The Google sign is shown on one of the company's office buildings in Irvine, California, US, October 20, 2020. REUTERS/Mike Blake
The Google sign is shown on one of the company's office buildings in Irvine, California, US, October 20, 2020. REUTERS/Mike Blake

One month after a judge declared Google's search engine an illegal monopoly, the tech giant faces another antitrust lawsuit that threatens to break up the company, this time over its advertising technology.

The Justice Department, joined by a coalition of states, and Google each made opening statements Monday to a federal judge who will decide whether Google holds a monopoly over online advertising technology, The AP reported.

The regulators contend that Google built, acquired and maintains a monopoly over the technology that matches online publishers to advertisers. Dominance over the software on both the buy side and the sell side of the transaction enables Google to keep as much as 36 cents on the dollar when it brokers sales between publishers and advertisers, the government contends in court papers.

They allege that Google also controls the ad exchange market, which matches the buy side to the sell side.

“It's worth saying the quiet part out loud,” Justice Department lawyer Julia Tarver Wood said during her opening statement. “One monopoly is bad enough. But a trifecta of monopolies is what we have here.”

Google says the government's case is based on an internet of yesteryear, when desktop computers ruled and internet users carefully typed precise World Wide Web addresses into URL fields. Advertisers now are more likely to turn to social media companies like TikTok or streaming TV services like Peacock to reach audiences.

In her opening statement, Google lawyer Karen Dunn said, “We are one big company among many others, competing millisecond by millisecond for every ad impression.”

Revenue has actually declined in recent years for Google Networks, the division of the Mountain View, California-based tech giant that includes such services as AdSense and Google Ad Manager that are at the heart of the case, from $31.7 billion in 2021 to $31.3 billion in 2023, according to the company's annual reports.

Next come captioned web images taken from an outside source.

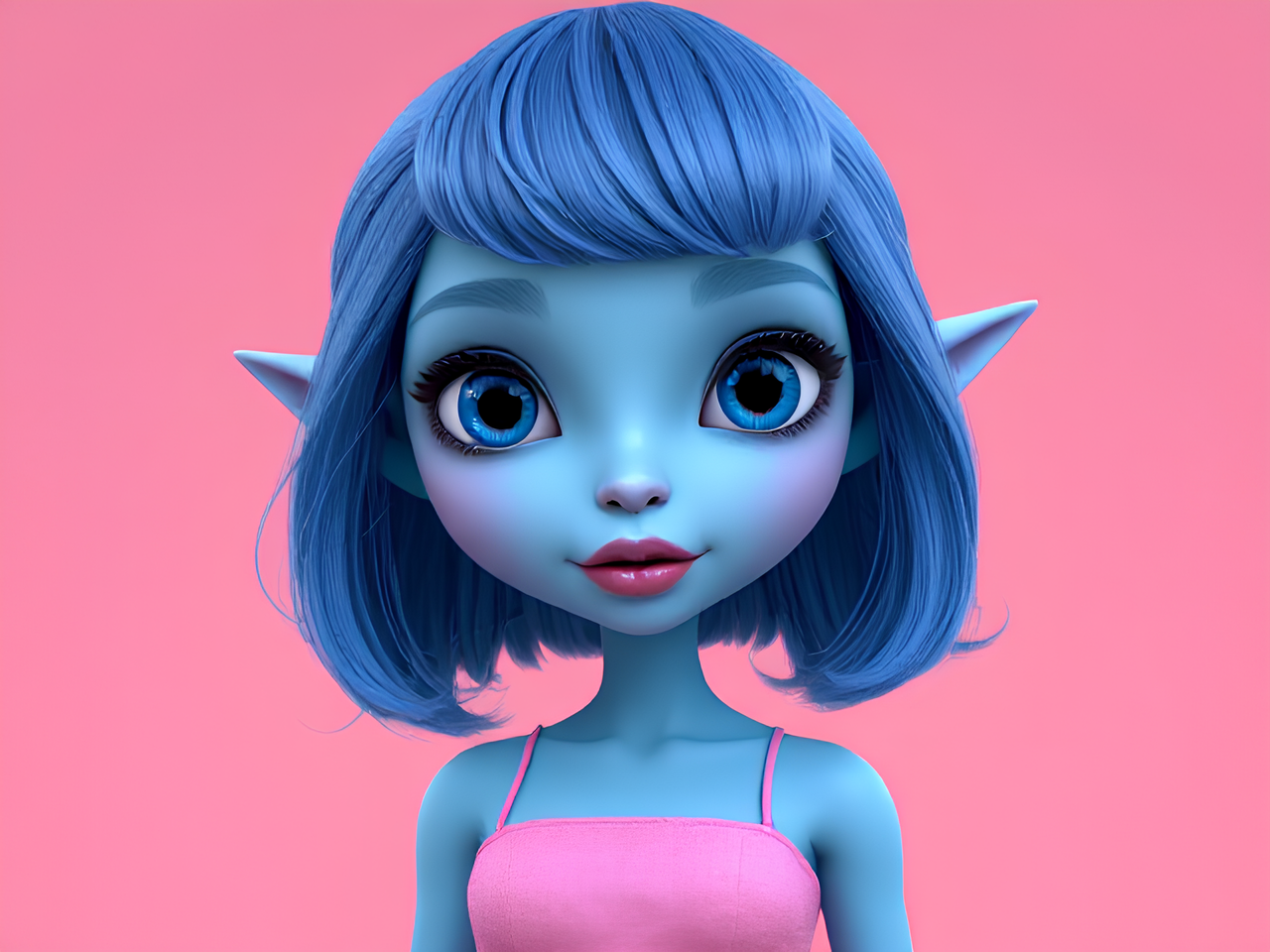 Create blue skin alien woman with blue hair  and wearing a pink dress realistic.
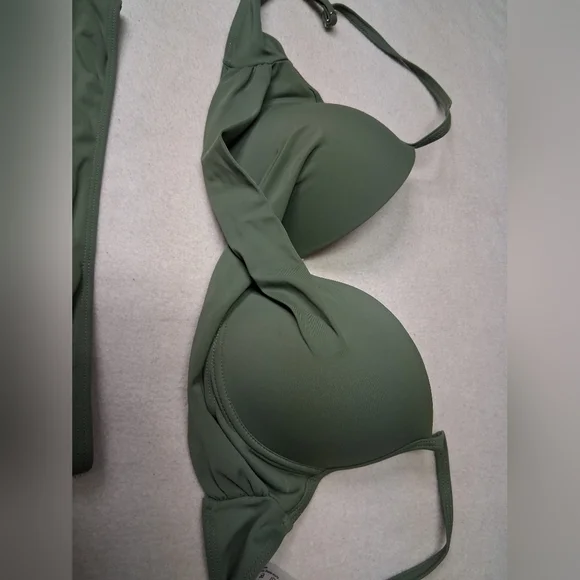 Olive Green Women's Two-Piece Swim Set - Padded Underwire Bikini - Picture 2 of 6
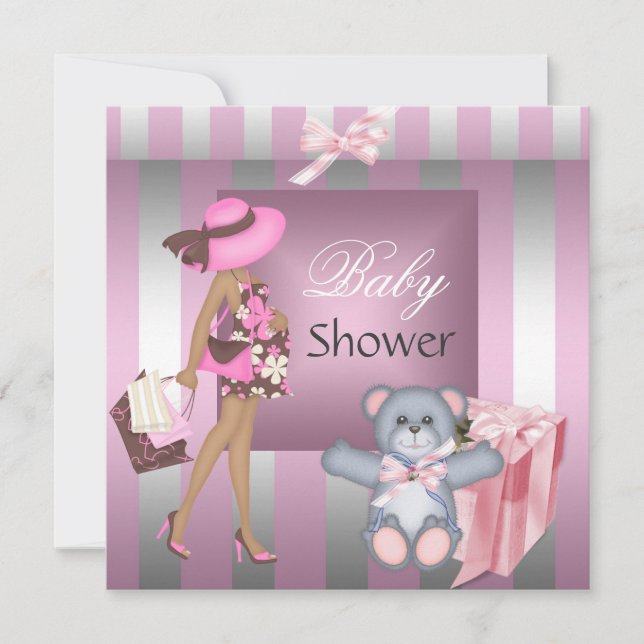 Invitation Elégant Baby shower Joli rose Silver Stripe Cadeau (Devant)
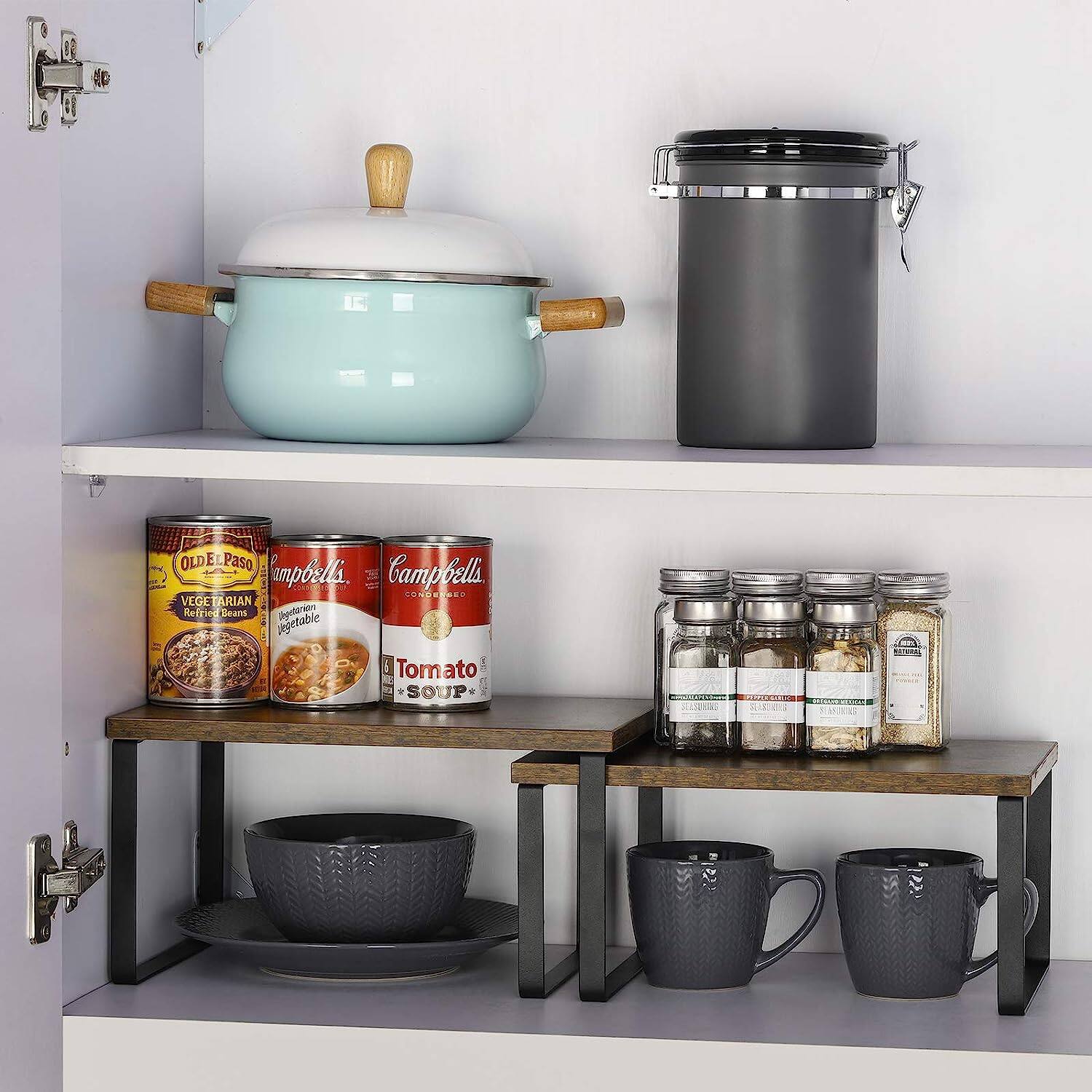 NEX&#x2122; 12&#x22; Rustic Brown &#x26; Black 3-Tier Kitchen Cabinet Organizer Set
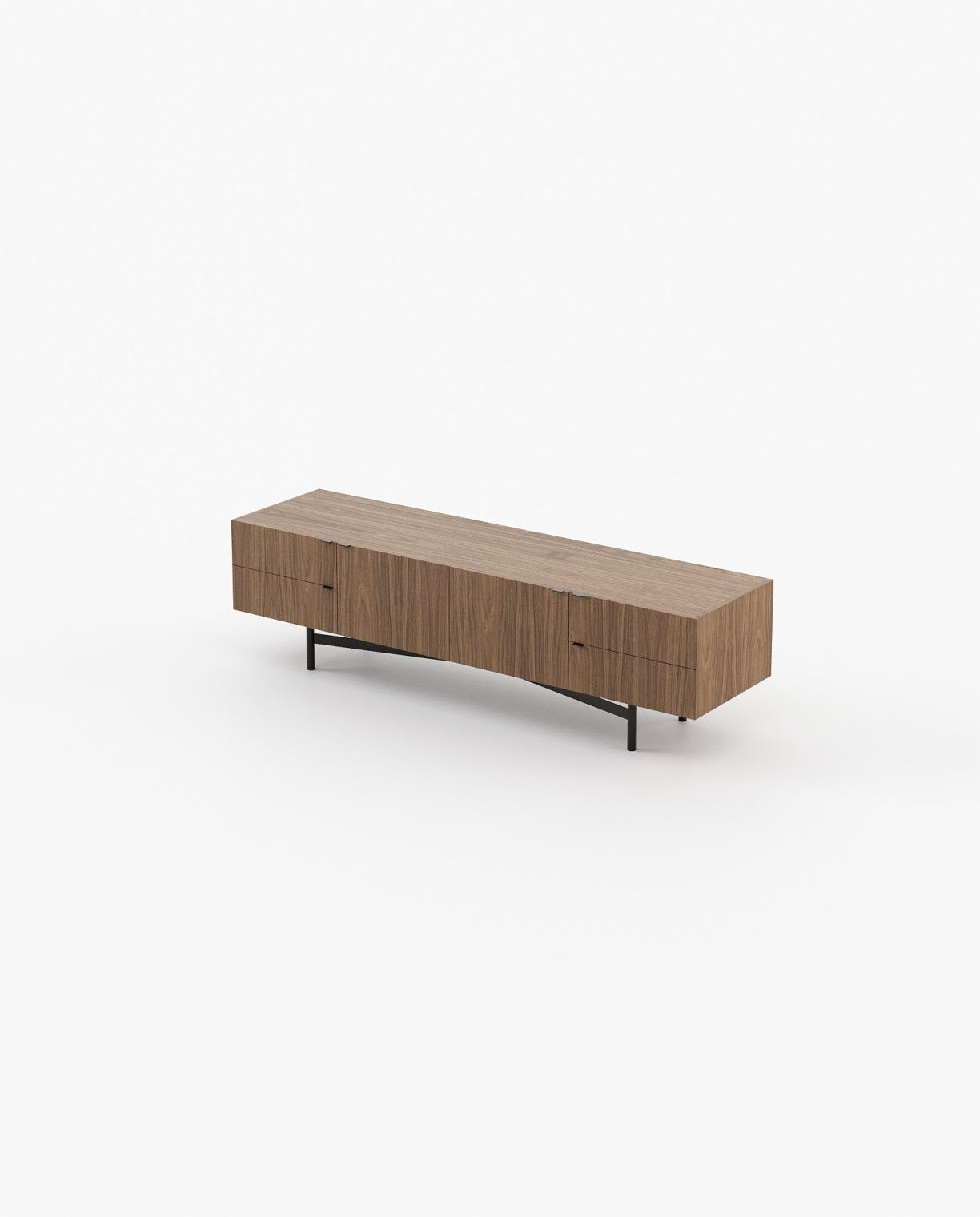 Laskasas LEWIS Media Unit Walnut Veneer Matte - Araco Interiors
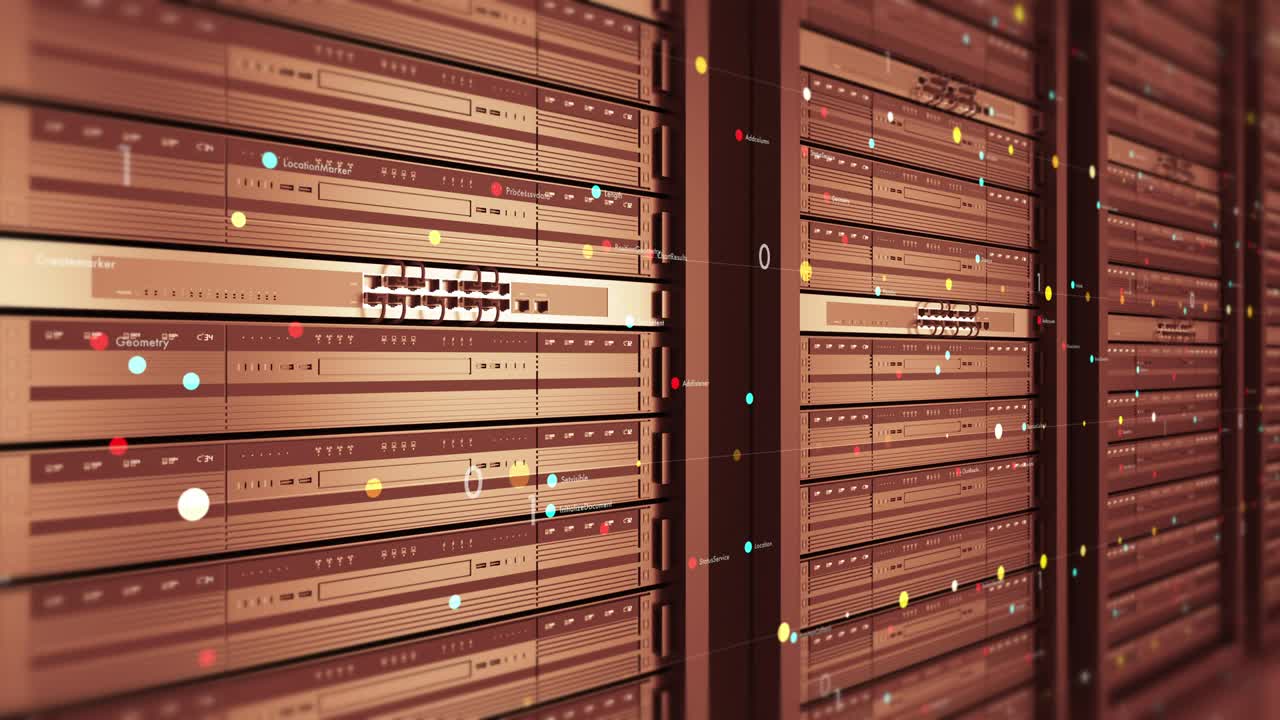 Close Up Modern Server In a Data Center. Futuristic Seamless Loop.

The trial that began Monday in Alexandria, Virginia, over the alleged ad tech monopoly was initially going to be a jury trial, but Google maneuvered to force a bench trial, writing a check to the federal government for more than $2 million to moot the only claim brought by the government that required a jury.

The case will now be decided by US District Judge Leonie Brinkema, who was appointed to the bench by former President Bill Clinton and is best known for high-profile terrorism trials including that of Sept. 11 defendant Zacarias Moussaoui. Brinkema, though, also has experience with highly technical civil trials, working in a courthouse that sees an outsize number of patent infringement cases.

The Virginia case comes on the heels of a major defeat for Google over its search engine, which generates the majority of the company's $307 billion in annual revenue. A judge in the District of Columbia declared the search engine a monopoly, maintained in part by tens of billions of dollars Google pays each year to companies like Apple to lock in Google as the default search engine presented to consumers when they buy iPhones and other gadgets.

In that case, the judge has not yet imposed any remedies. The government hasn't offered its proposed sanctions, though there could be close scrutiny over whether Google should be allowed to continue to make exclusivity deals that ensure its search engine is consumers' default option.

Peter Cohan, a professor of management practice at Babson College, said the Virginia case could potentially be more harmful to Google because the obvious remedy would be requiring it to sell off parts of its ad tech business that generate billions of dollars in annual revenue.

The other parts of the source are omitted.